*WHAT TO DO*: In this exercise, write out the data word for word and leave every image out.

Short descriptive text snippets:
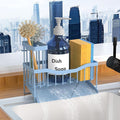Fssvcd Maifan Sink Caddy Sponge Holder for Kitchen with Brush Holder and Stainless Steel Self Drain Tray, Rustproof Kitchen Sink Organizer for Sponge, Soap Dispenser Storage Accessories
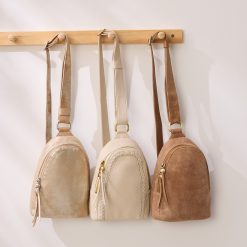 Alternative view of Fern Sling In Metallic Leather - Saddle Stardust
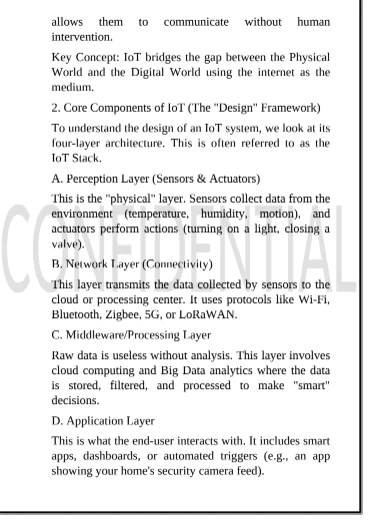 Msc 4th Semester Internet of Things Notes pdf - Image 2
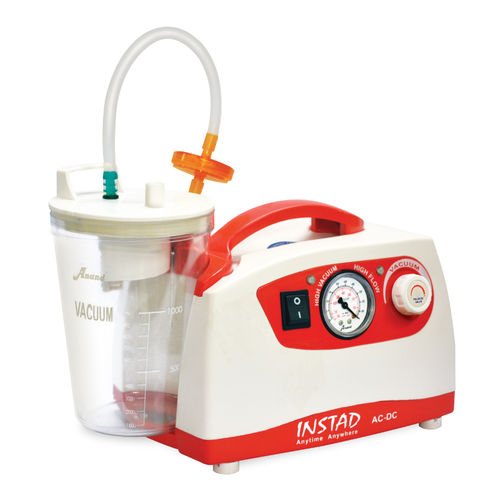 Aspiratore chirurgico a batteria - INSTAD AC / DC - Anand Medicaids - per drenaggio chirurgico e sbrigliamento / portatile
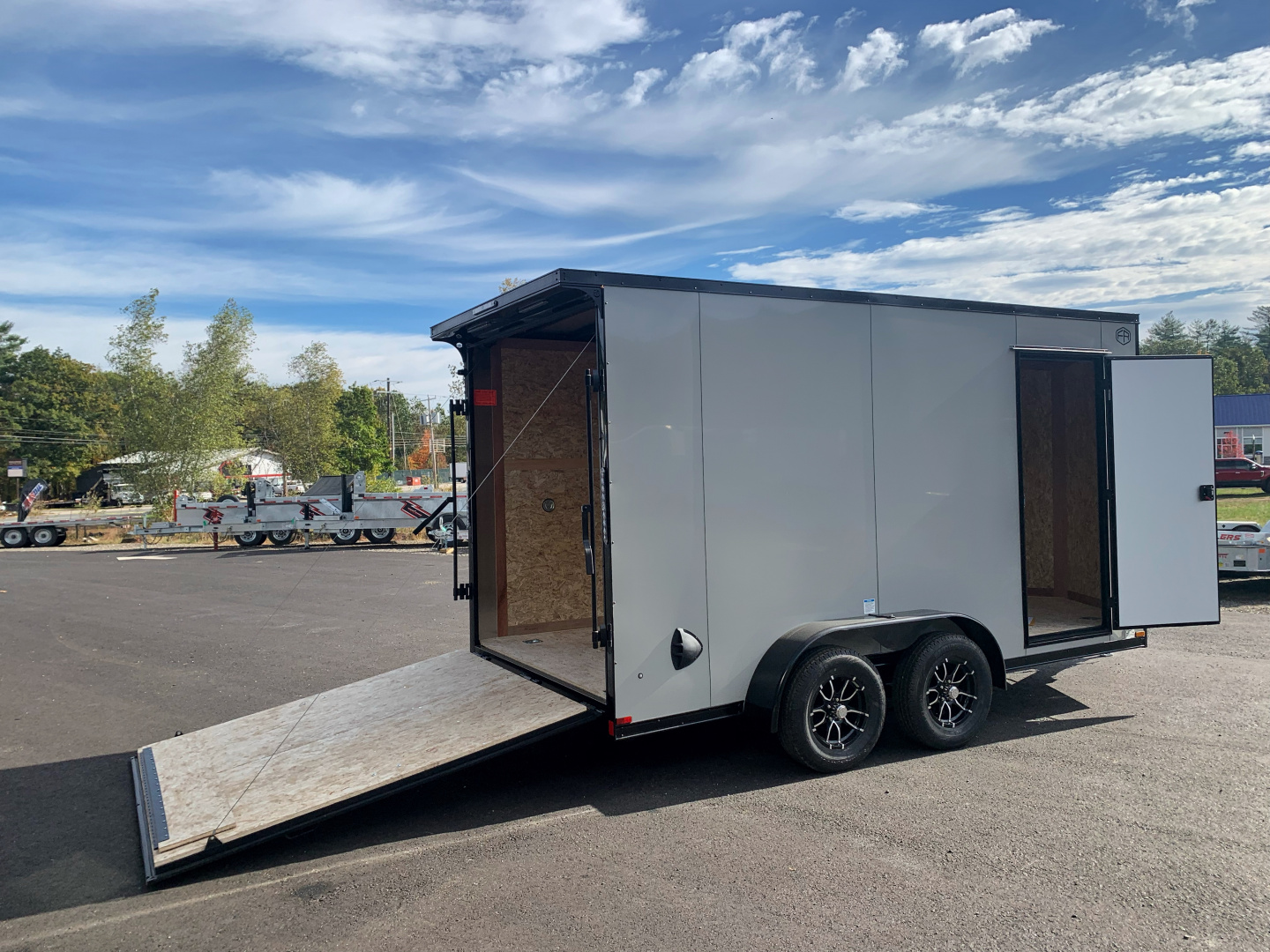 New 2026 US Cargo 7X14+ 2ft V-Nose /Polycore/ I-Beam Frame / 7' interior / Blackout - 7000GVW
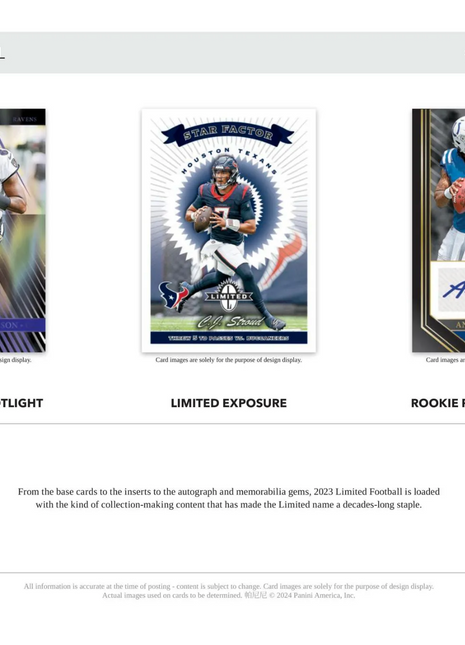 2023 Panini Limited Football Hobby Box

*OUTPUT OF THE TASK*:
Fssvcd Maifan Sink Caddy Sponge Holder for Kitchen with Brush Holder and Stainless Steel Self Drain Tray, Rustproof Kitchen Sink Organizer for Sponge, Soap Dispenser Storage Accessories
 Alternative view of Fern Sling In Metallic Leather - Saddle Stardust
 Msc 4th Semester Internet of Things Notes pdf - Image 2
 Aspiratore chirurgico a batteria - INSTAD AC / DC - Anand Medicaids - per drenaggio chirurgico e sbrigliamento / portatile
 New 2026 US Cargo 7X14+ 2ft V-Nose /Polycore/ I-Beam Frame / 7' interior / Blackout - 7000GVW
 2023 Panini Limited Football Hobby Box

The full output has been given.